__WORK INSTRUCTION__
Repeat exactly, and only, the lines running from the one that holds "Eldlich the Golden Lord (MGED-EN024) (MGED)" to the end of the records.

__Dataset entries__
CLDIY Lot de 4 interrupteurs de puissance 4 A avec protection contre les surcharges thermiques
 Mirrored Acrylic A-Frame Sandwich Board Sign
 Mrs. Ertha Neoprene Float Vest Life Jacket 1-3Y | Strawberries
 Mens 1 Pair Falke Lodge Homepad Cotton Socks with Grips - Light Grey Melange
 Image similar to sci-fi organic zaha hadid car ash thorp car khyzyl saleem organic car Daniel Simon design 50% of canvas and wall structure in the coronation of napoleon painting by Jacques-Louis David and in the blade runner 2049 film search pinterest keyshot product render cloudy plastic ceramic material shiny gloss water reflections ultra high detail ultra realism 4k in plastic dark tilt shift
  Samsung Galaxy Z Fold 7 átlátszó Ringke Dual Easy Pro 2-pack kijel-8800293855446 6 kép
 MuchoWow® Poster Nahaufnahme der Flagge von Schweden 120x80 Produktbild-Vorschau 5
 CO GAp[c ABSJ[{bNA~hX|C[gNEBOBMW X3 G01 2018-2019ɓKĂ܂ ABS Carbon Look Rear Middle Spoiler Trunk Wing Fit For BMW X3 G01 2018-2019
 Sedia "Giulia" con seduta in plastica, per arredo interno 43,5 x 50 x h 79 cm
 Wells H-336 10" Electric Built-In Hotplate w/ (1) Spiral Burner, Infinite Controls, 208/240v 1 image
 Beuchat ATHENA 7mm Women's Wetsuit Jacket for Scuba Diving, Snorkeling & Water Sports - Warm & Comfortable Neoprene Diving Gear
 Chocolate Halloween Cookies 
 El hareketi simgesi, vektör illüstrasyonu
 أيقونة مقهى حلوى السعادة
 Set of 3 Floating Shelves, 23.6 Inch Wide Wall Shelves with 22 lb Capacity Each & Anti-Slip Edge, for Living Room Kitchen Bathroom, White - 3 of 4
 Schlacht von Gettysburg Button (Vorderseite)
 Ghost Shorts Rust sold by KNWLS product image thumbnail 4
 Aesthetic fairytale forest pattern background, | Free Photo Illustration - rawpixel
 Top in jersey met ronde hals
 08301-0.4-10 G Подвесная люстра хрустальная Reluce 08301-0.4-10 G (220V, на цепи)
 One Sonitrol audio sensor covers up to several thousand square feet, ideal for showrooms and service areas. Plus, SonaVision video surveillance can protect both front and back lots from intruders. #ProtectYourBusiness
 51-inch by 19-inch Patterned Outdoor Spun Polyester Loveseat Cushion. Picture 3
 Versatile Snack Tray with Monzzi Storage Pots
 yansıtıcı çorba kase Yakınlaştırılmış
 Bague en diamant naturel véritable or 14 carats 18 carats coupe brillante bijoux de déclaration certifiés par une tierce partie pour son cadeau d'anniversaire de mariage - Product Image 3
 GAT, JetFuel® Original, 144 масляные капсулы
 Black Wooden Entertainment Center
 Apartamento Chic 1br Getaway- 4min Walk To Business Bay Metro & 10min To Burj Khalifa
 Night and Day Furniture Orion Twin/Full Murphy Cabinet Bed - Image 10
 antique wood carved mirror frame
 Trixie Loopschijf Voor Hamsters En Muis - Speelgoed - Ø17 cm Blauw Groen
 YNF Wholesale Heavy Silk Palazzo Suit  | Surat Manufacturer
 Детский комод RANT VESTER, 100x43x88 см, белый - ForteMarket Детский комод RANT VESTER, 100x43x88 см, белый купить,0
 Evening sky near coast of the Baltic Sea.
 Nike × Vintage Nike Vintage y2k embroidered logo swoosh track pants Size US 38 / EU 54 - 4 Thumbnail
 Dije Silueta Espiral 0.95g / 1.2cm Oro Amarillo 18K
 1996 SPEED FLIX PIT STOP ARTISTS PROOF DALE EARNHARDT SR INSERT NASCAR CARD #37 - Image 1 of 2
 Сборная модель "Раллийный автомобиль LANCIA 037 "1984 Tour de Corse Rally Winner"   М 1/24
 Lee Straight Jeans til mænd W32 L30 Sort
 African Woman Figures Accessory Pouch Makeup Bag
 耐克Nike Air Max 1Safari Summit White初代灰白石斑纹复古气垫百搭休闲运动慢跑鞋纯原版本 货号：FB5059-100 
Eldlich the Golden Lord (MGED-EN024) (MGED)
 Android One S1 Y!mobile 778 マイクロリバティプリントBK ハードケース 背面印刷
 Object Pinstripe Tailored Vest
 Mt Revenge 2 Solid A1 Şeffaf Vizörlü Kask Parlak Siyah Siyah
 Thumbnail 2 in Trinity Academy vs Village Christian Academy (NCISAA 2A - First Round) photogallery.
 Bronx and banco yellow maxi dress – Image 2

__SOLUTION FOR THIS EXERCISE__
Eldlich the Golden Lord (MGED-EN024) (MGED)
 Android One S1 Y!mobile 778 マイクロリバティプリントBK ハードケース 背面印刷
 Object Pinstripe Tailored Vest
 Mt Revenge 2 Solid A1 Şeffaf Vizörlü Kask Parlak Siyah Siyah
 Thumbnail 2 in Trinity Academy vs Village Christian Academy (NCISAA 2A - First Round) photogallery.
 Bronx and banco yellow maxi dress – Image 2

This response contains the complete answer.